__TRY IT__
Copy exactly and only the lines running from the one that contains "Giữa tình yêu" to the final line of the data below, without the pictures.

══ EXTRACTED INFORMATION

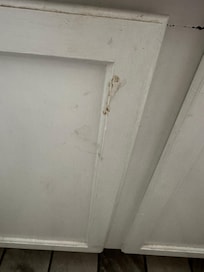 What we suspect is poop smeared on vanity in master bath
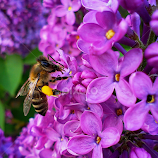 bee on lilac by Happy Fish -  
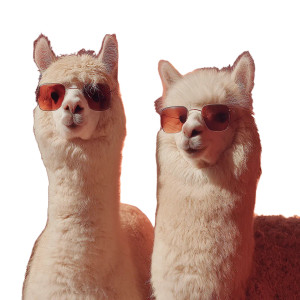 Alpacas In Sunglasses V2 Vinyl Car Decal Sticker – Waterproof & UV-Resistant 8" Alpacas In Sunglasses V2 Vinyl Car Decal Sticker – Waterproof & UV-Resistant 8"
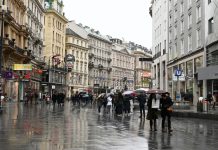 Действия Вены не дают российским дипмиссиями работать, заявил посол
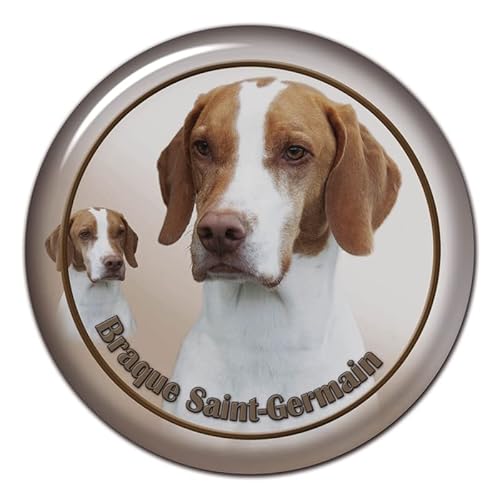 S30471 13CM 15CM 17CM PVC Aufkleber Braque Saint Germain Hund Autoaufkleber Wasserdicht für Stoßstange Hinten von MNQWMOU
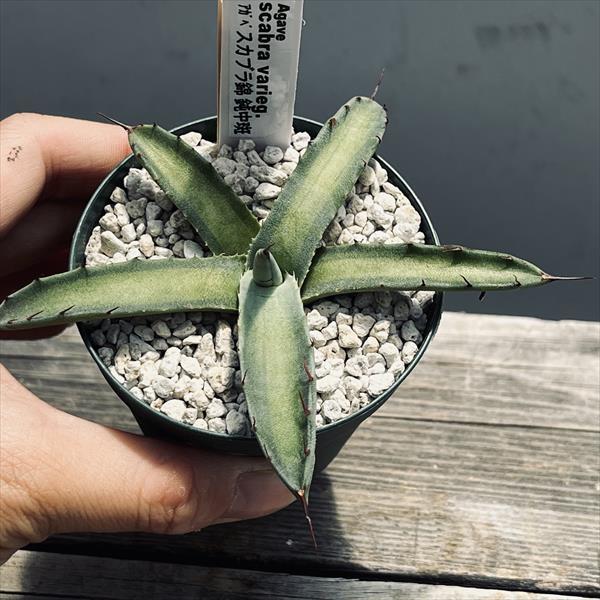 多肉植物：アガベ スカブラ錦 鈍中斑*幅12cm 現品！一品限り : 遊恵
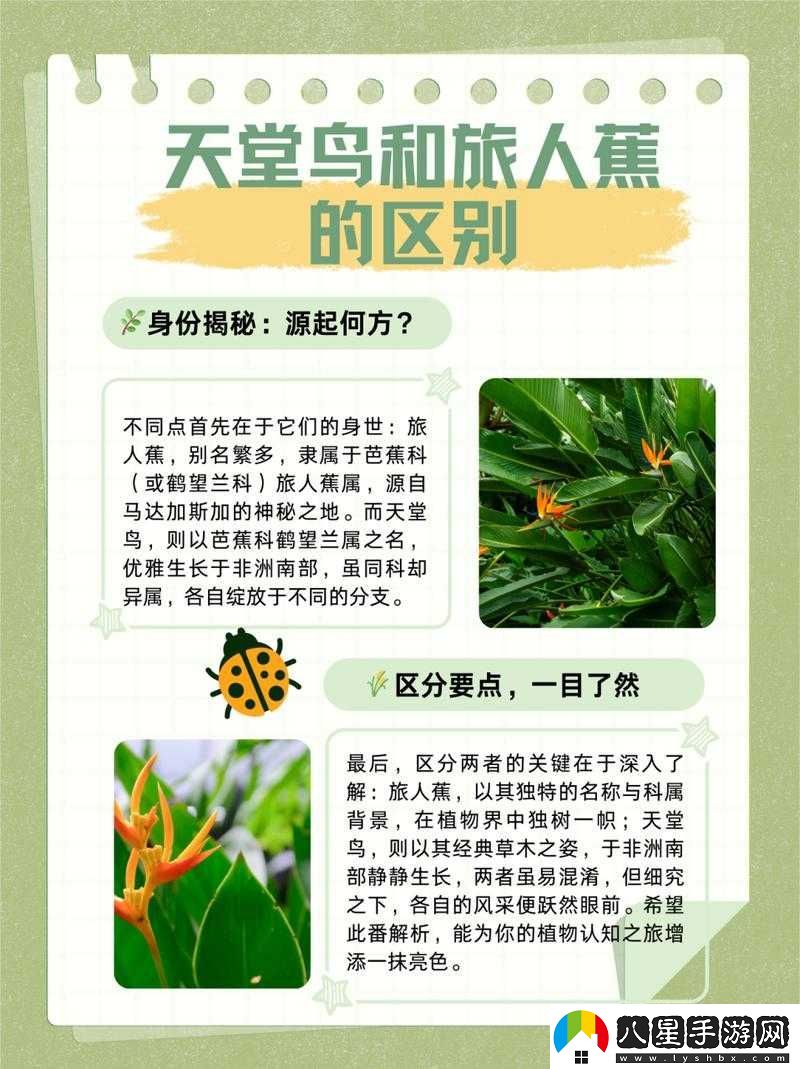 旅人蕉天堂鳥(niǎo)的區別視頻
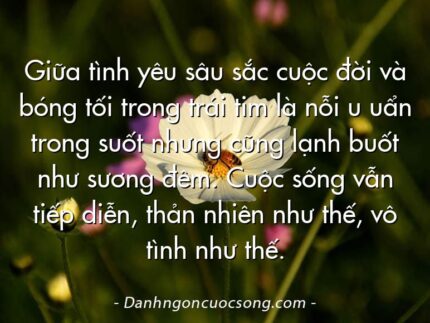 Giữa tình yêu sâu sắc cuộc đời và bóng tối trong trái tim là nỗi u uẩn trong suốt nhưng cũng lạnh buốt như sương đêm. Cuộc sống vẫn tiếp diễn, thản nhiên như thế, vô tình như thế.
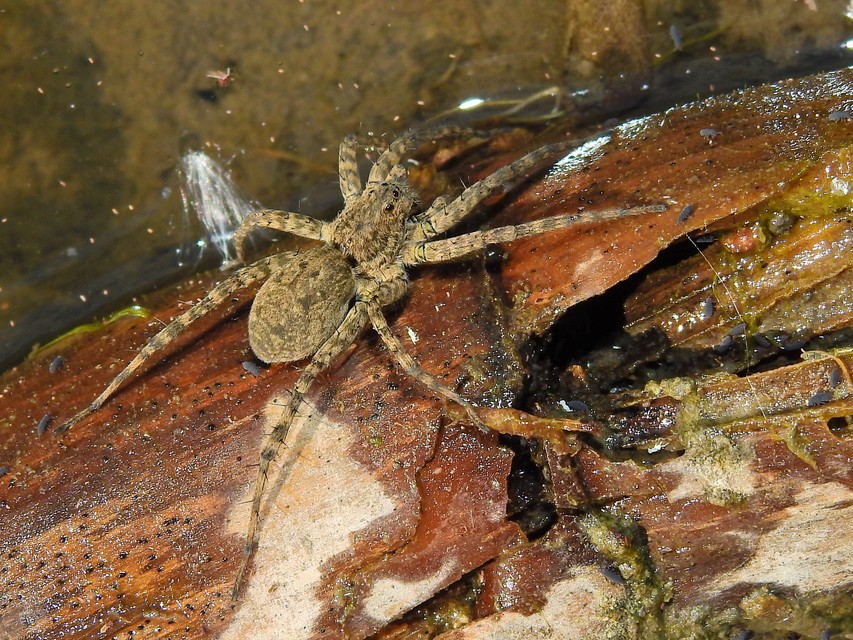 Pardosa nebulosa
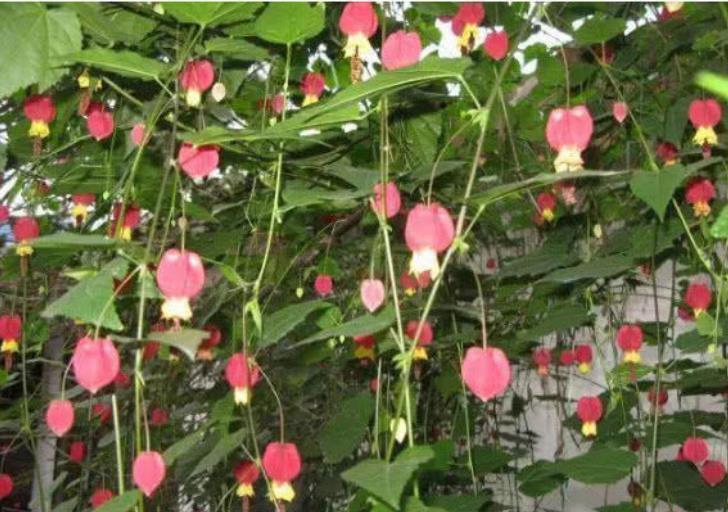 米兰花|4种漂亮花,好养易活能爆盆,日子红火财运滚滚,好看极了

════

__RESULT FOR THIS TASK__
 Giữa tình yêu sâu sắc cuộc đời và bóng tối trong trái tim là nỗi u uẩn trong suốt nhưng cũng lạnh buốt như sương đêm. Cuộc sống vẫn tiếp diễn, thản nhiên như thế, vô tình như thế.
 Pardosa nebulosa
 米兰花|4种漂亮花,好养易活能爆盆,日子红火财运滚滚,好看极了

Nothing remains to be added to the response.